Connectivity is good. Now how do we make it safe to use?
The Internet of Things (IoT) is becoming a part of our daily lives right before our eyes, and as that happens, more of the security issues the IoT brings with it will be exploited. That’s a scary thought at first, but this is part of the growing pains of any new technology. We’ll learn in time to secure these devices. Necessity is the mother of invention, after all.
In the wake of things like the Dyn attack and the US government’s Vault7 leak causing hysteria about smart TVs recording us all, there’s no question IoT security has become incredibly important. Homeowners and business owners need to secure themselves. Thankfully, there are already things you can do to make your IoT devices safer to use. Here’s a few of them.
1. Do your homework when buying devices
It’s important to understand how the devices you use remain up-to-date with the latest security standards — particularly if you’ll be making purchases for your business. PC Magazine recommends taking a layered approach to safety measures, which is nothing new in the world of network security.
2. Speak up
Manufacturers understand that many consumers are ignorant of the threats lurking in the IoT. But many cyber criminals are not. They’re working towards better security, but giving feedback and being vocal to encourage these things is always a good idea. That means sending bug and crash reports and staying vocal on the appropriate message boards.

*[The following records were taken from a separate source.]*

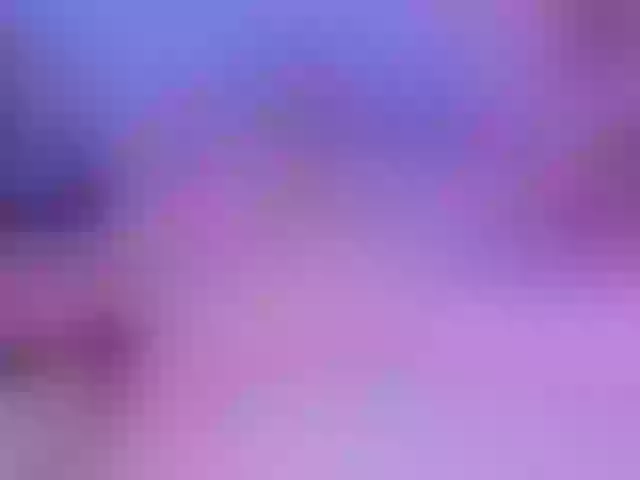 Live sex webcam photo for LinaAndLuna #273298174
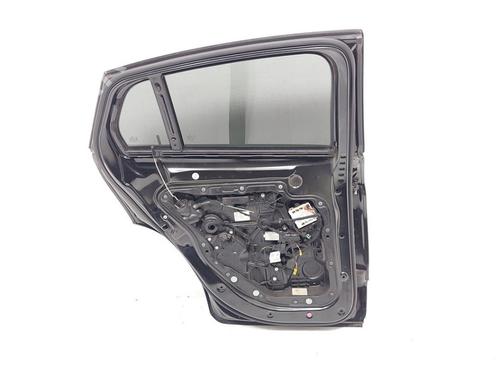 Left rear door MERCEDES-BENZ GLC Coupe (C253) 300 4-matic (253.349) | BP30402538C4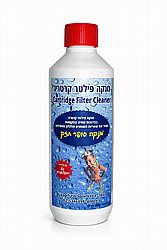 ���� ����� �����'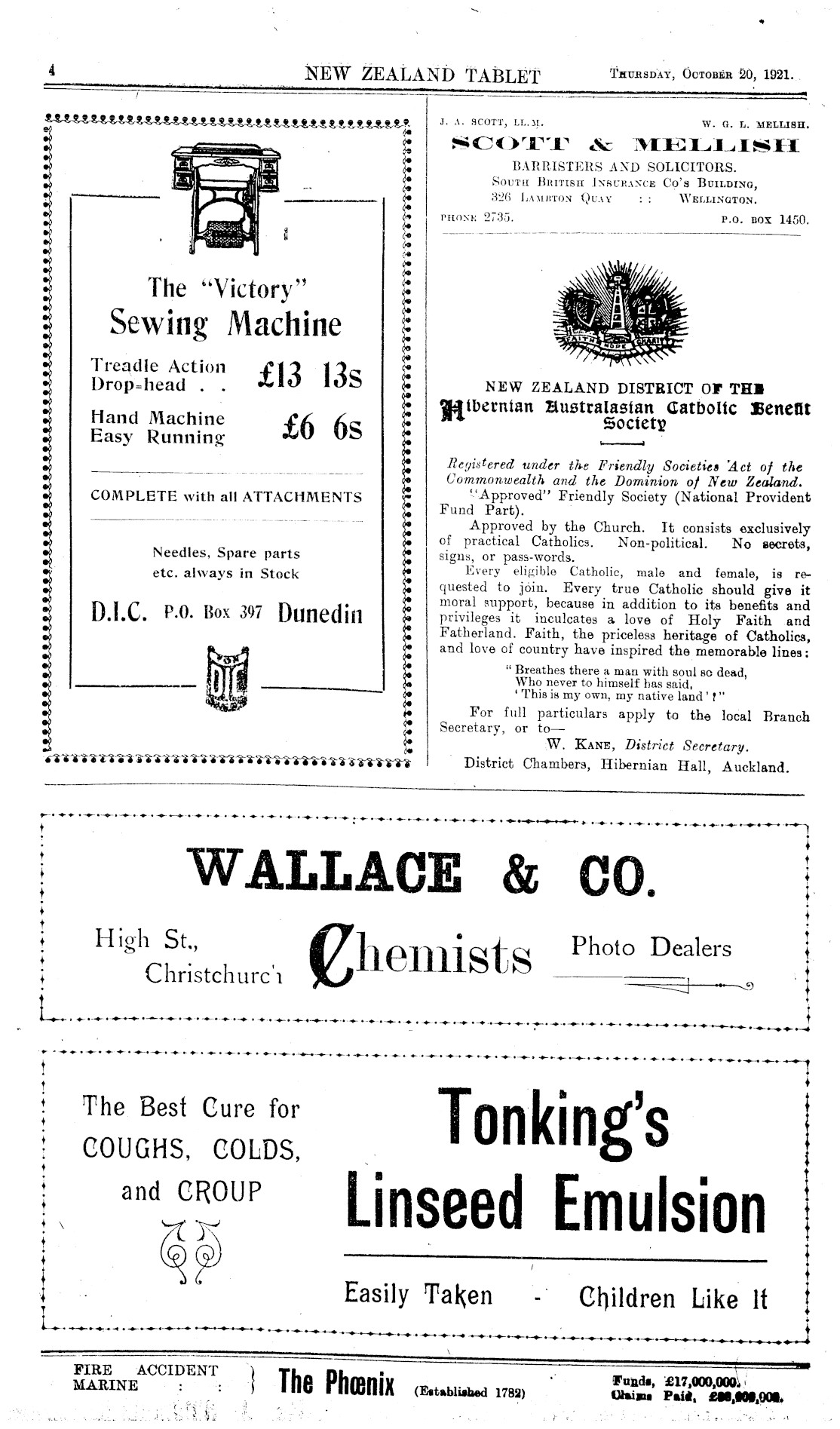Page image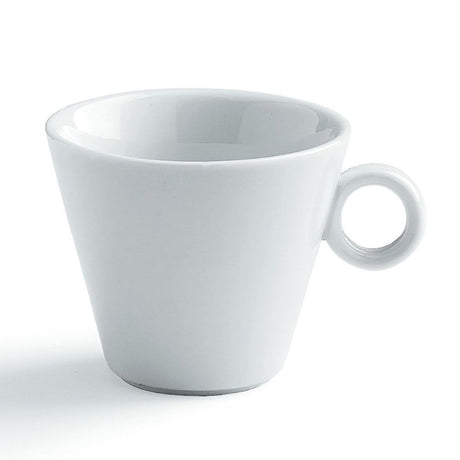 Tazza cappuccino senza piatto francesca cc.220 tognana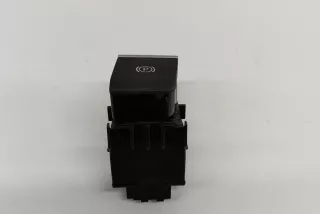 80C927225 , art10326267 Кнопка ручного тормоза (ручника) Audi Q5 2 Арт 10326267, вид 1
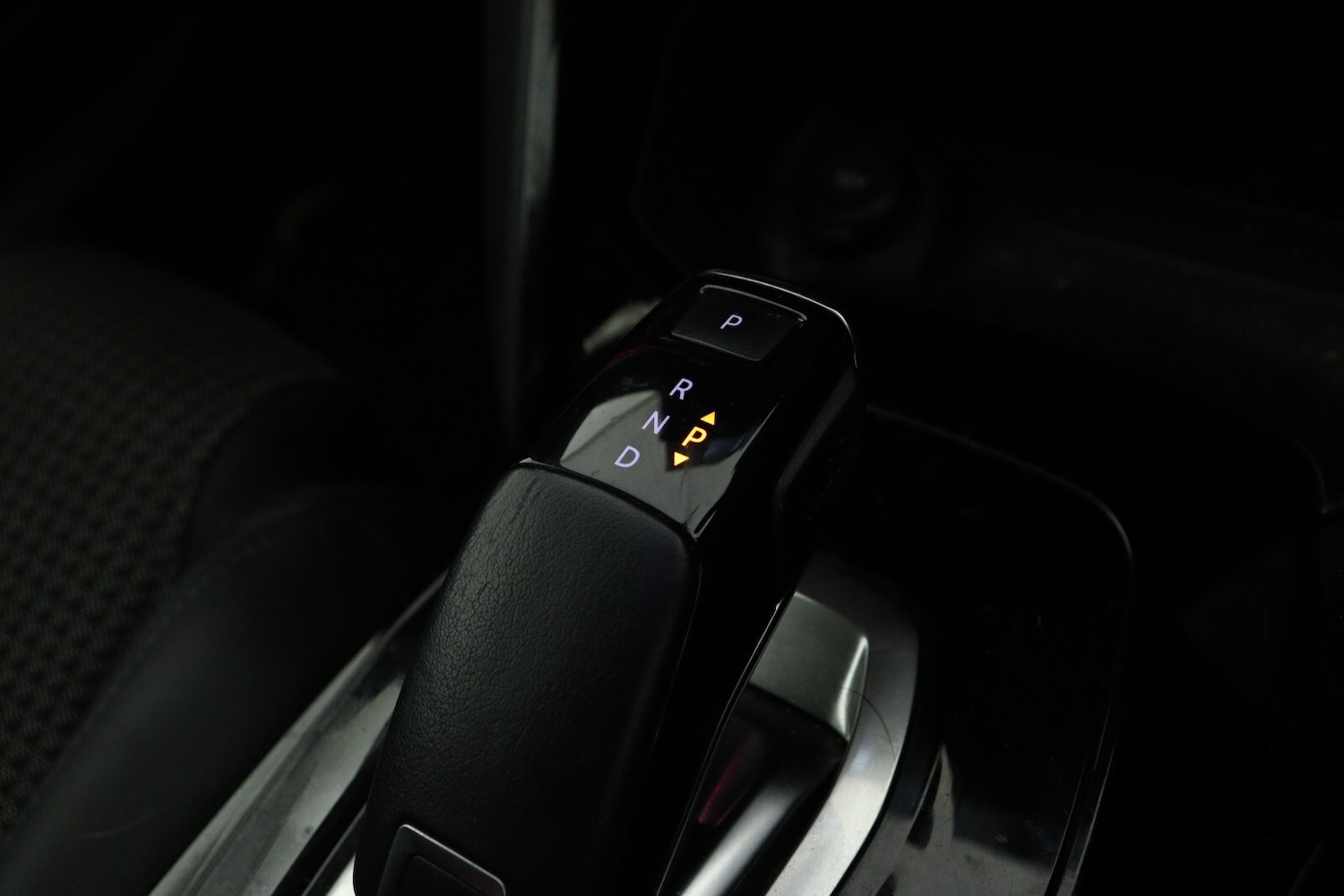 Used Peugeot 208 2020 for sale - 76372739: Photo 19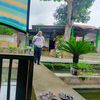 muhammadmujiono2805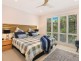 74/38 Landershute Road, Palmwoods QLD 4555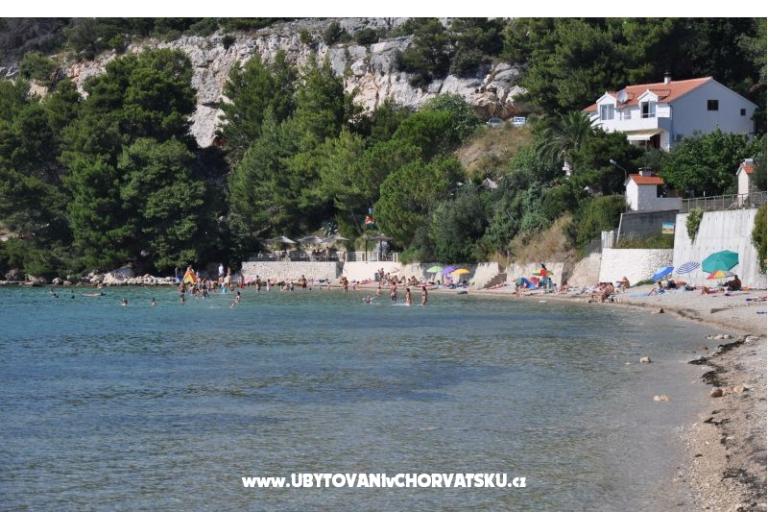 Apartmaji Vala – foto 17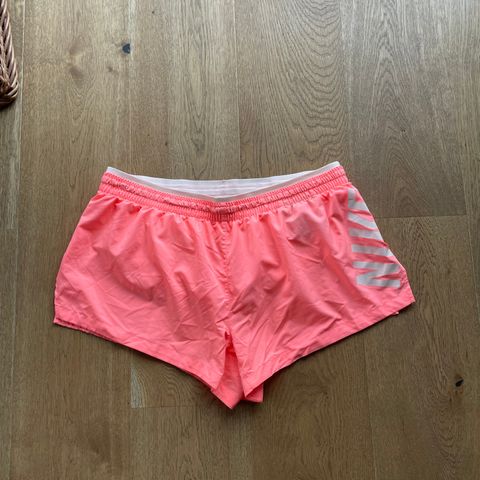 Løpeshorts Nike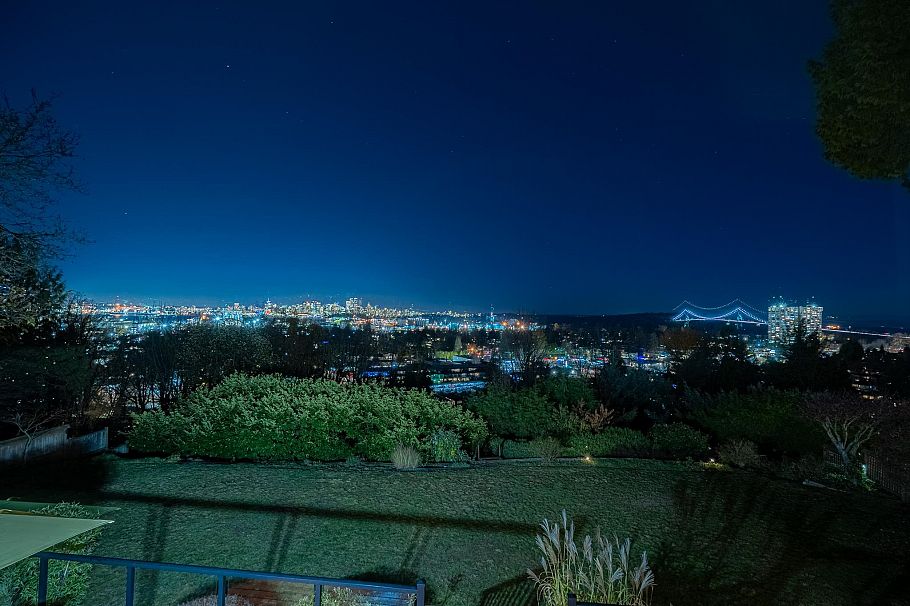 1275 W Keith Road North Vancouver, BC - 5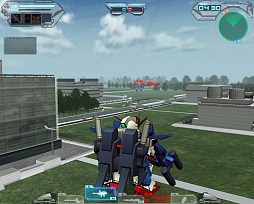 ꡼ No.001 | SD ץե 饤פWINTER UPDATE THE BEGINNERפ»ܡ鿴ԸܺȡˤγˤĤƥѡʹ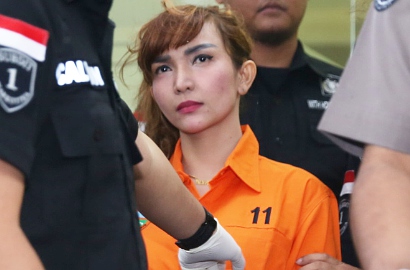 14 Tahun Makan Bunga Kantil, Wajah Asli Roro Fitria Terungkap Usai Setop Jalani Ritual?
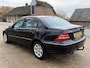 Mercedes-Benz C-klasse 200 CDI Avantgarde Automaat/Cruise/Facelift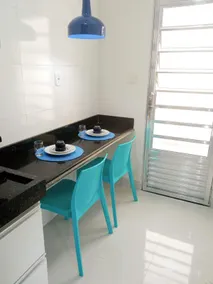 Flat - Residencial Sol Nascente - Atalaia (Sol Nascente Residential - Atalaia) - Image 3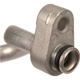 Purchase Top-Quality Discharge Line by FOUR SEASONS - 55192 pa15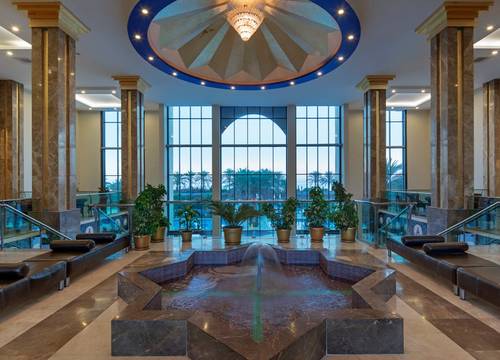 turkey/antalya/manavgat/nashiraresorthotelaquaspa8467c822.jpg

3. Change your password from the factory default
It might sound overly simple, but this security lapse is what has allowed many hackers access to the routers of unknowing users around the world. The password that comes on your device might not be unique and could even be mentioned in the product’s support documentation. Change it and you’re taking away one of the easiest methods for criminals to walk right in the front door.
4. Avoid broadcasting personally identifiable information
The GPS system in your car can give you away. It knows where you park at night and where you drive every morning. If someone gets access to this information, they could potentially carry out an attack on you in cyberspace or even in the real world.
Invest in systems that use encryption and other obfuscation techniques and keep your systems up-to-date. In fact, this is a valid enough piece of advice to make its own list item.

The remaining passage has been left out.